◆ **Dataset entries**
%%
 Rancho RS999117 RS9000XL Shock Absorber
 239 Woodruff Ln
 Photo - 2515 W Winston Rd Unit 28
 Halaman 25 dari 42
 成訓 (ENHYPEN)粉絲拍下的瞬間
%%
%%
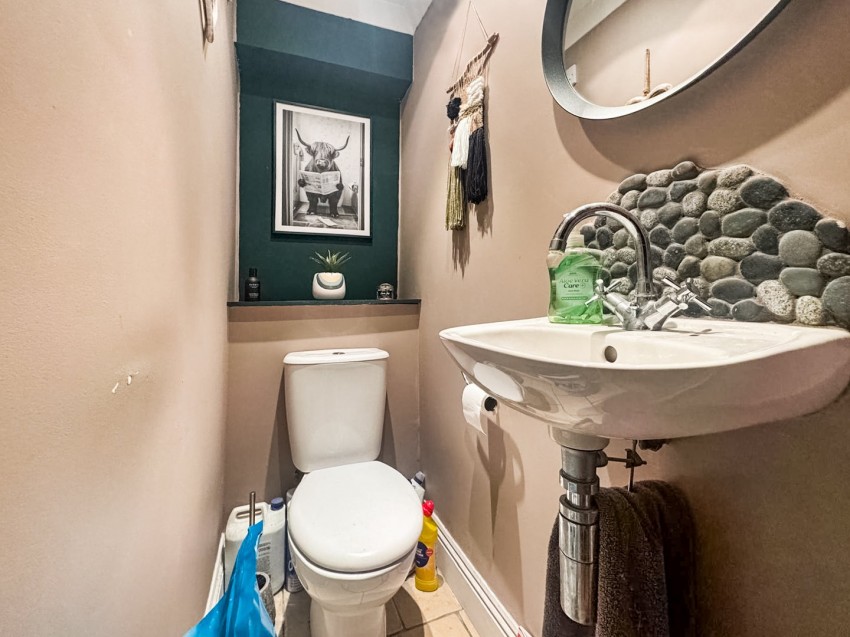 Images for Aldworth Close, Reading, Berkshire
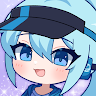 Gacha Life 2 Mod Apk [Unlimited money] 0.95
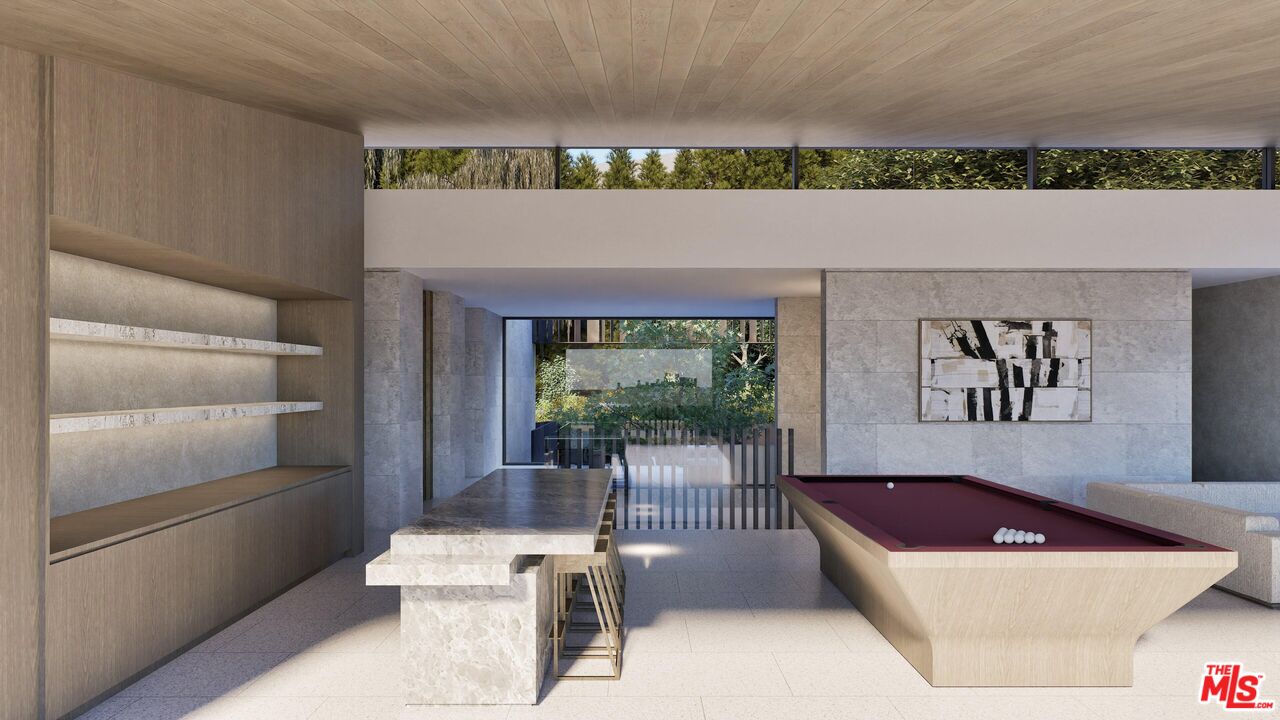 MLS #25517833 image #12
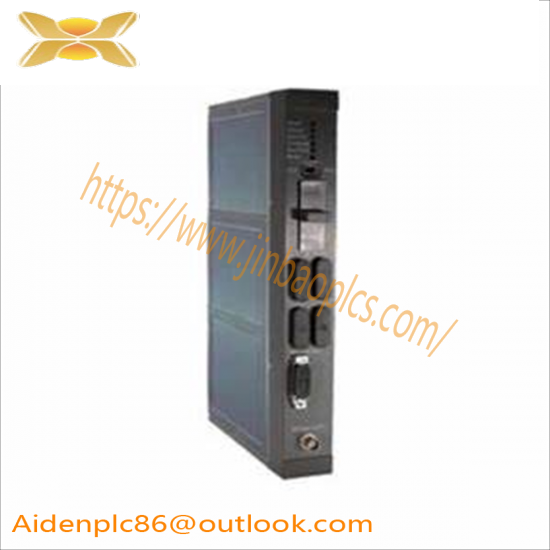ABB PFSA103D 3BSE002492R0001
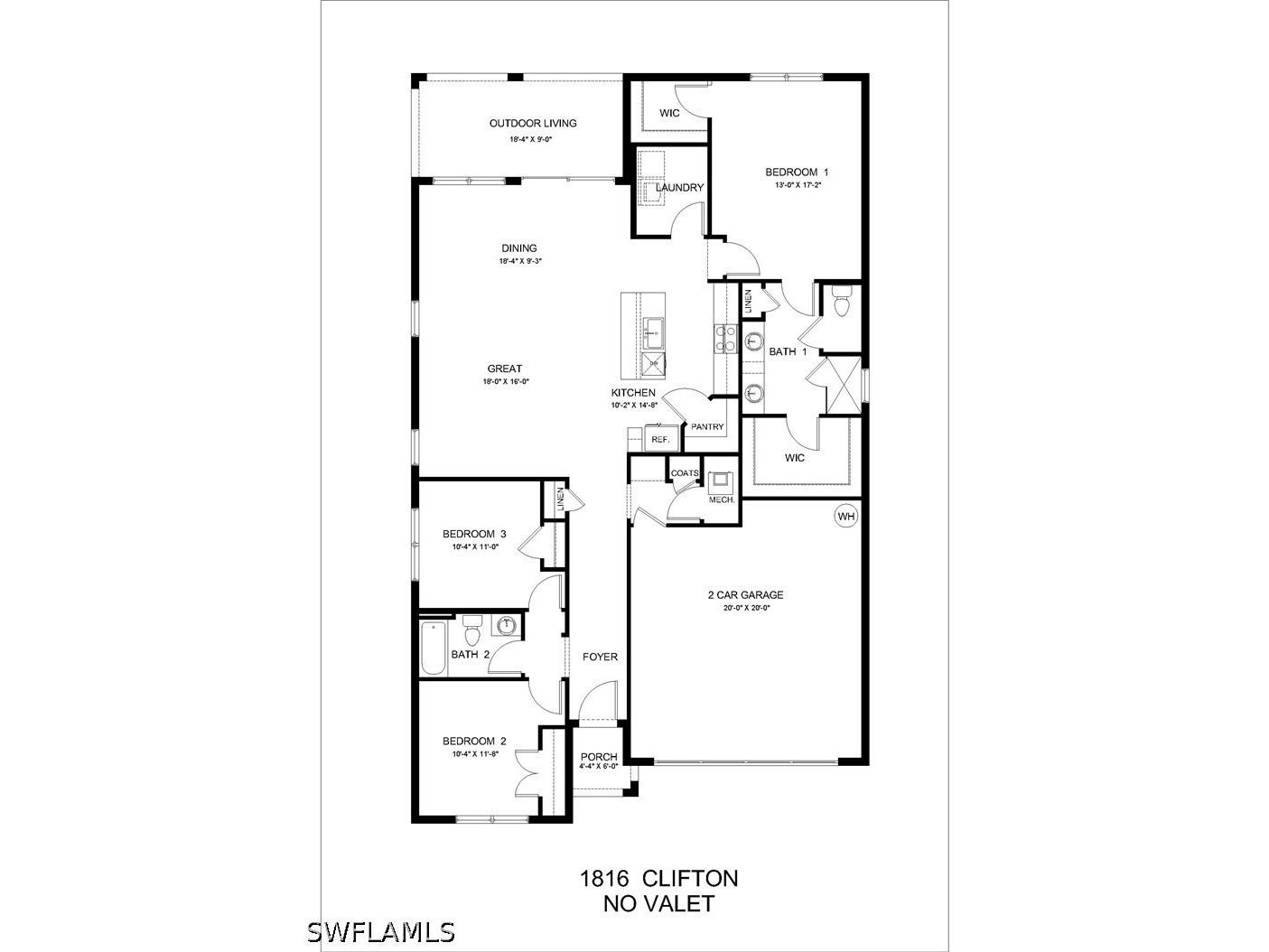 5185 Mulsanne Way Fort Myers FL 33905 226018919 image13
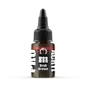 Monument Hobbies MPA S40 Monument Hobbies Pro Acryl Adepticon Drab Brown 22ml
%%
◆ **WORK ITEM**
Skipping every picture, transcribe exactly the lines above from the one containing "MLS #25517833 image #12" through the one containing "Monument Hobbies MPA", both included.

◆ **RESPONSE TO THIS EXERCISE**
 MLS #25517833 image #12
ABB PFSA103D 3BSE002492R0001
 5185 Mulsanne Way Fort Myers FL 33905 226018919 image13
 Monument Hobbies MPA S40 Monument Hobbies Pro Acryl Adepticon Drab Brown 22ml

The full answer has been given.